One thing I am doing is removing the right carets as suggested. While this works fine for listview where each row is clickable, I have a bunch of views that display a lot of data in a list-sort kind of layout and only some of them trigger actions like downloading a document, going to a details screen or watching a video. At the moment I am indicating that these rows have an action with a right caret.
It seems like there are no patterns for more complex screen designs like this. Any suggestions on what do to?
E.g in the screen below if there is the right caret on the Order Items line you can navigate to an additional screen. Same for the Order Status screen - in some circumstances you can view more information about the order and then the right caret becomes visible..

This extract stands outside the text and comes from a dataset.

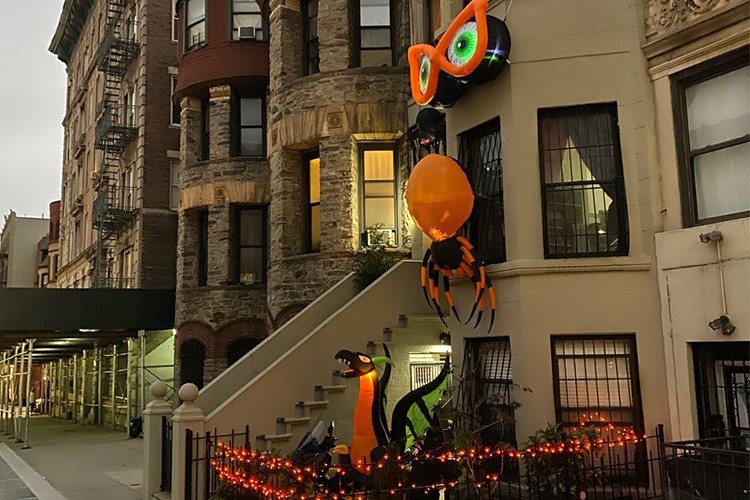Orange and black Halloween decorations on a town home in New York City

I could replace the right caret icon with more specific icons for each use case, but for example for going to a detail screen the right caret seems perfectly fine.
Answer
+1 to both Vitaly and Paul's answers. I would also mention that if a list item has a secondary action, one option is to supply a full-height icon button (not visually a button per se just a touchable region) with a separator to indicate the action. Another option is to expose contextual actions using the contextual action bar (CAB), triggered on long press.
Additionally, in your screenshot I'd recommend removing the extra rounded rectangles around list items (we should add this to the Pure Android section of Android Design). If you need to group items, consider using header rows instead.